[RFC PATCH v3 00/12] Integrity Policy Enforcement LSM (IPE)
Deven Bowers
deven.desai at linux.microsoft.com
Mon May 11 18:03:31 UTC 2020
On 5/10/2020 2:28 AM, Mickaël Salaün wrote:
[...snip]
>>
>> Additionally, rules are evaluated top-to-bottom. As a result, any
>> revocation rules, or denies should be placed early in the file to ensure
>> that these rules are evaluated before a rule with "action=ALLOW" is hit.
>>
>> IPE policy is designed to be forward compatible and backwards compatible,
>> thus any failure to parse a rule will result in the line being ignored,
>> and a warning being emitted. If backwards compatibility is not required,
>> the kernel commandline parameter and sysctl, ipe.strict_parse can be
>> enabled, which will cause these warnings to be fatal.
>
> Ignoring unknown command may lead to inconsistent beaviors. To achieve
> forward compatibility, I think it would be better to never ignore
> unknown rule but to give a way to userspace to known what is the current
> kernel ABI. This could be done with a securityfs file listing the
> current policy grammar.
>
That's a fair point. From a manual perspective, I think this is fine.

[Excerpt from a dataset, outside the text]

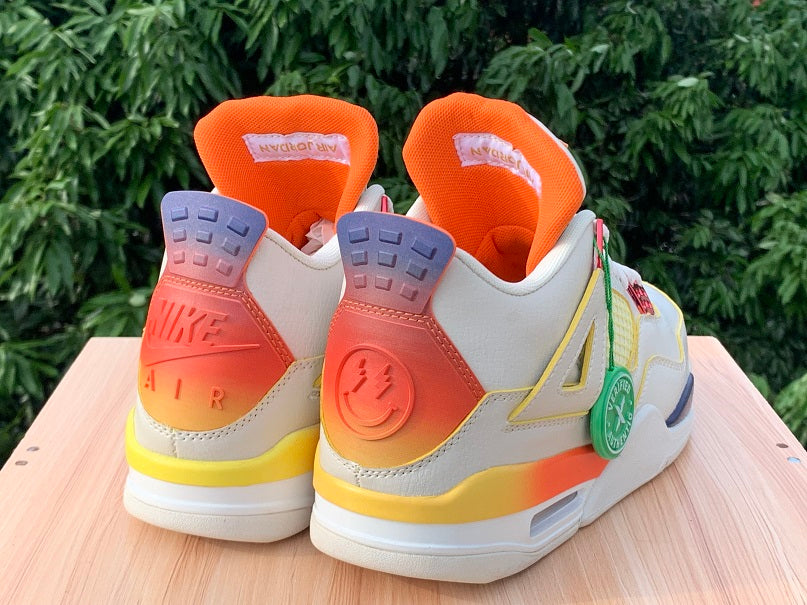 Baskets Air Jordan 4 Femme beige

A human-user can interpret a grammar successfully on their own when new
syntax is introduced.
From a producing API perspective, I'd have to think about it a bit
more. Ideally, the grammar would be structured in such a way that the
userland
interpreter of this grammar would not have to be updated once new syntax
is introduced, avoiding the need to update the userland binary. To do so
generically ("op=%s") is easy, but doesn't necessarily convey sufficient
information (what happens when a new "op" token is introduced?). I think
this may come down to regular expression representations of valid values
for these tokens, which worries me as regular expressions are incredibly
error-prone[1].
I'll see what I can come up with regarding this.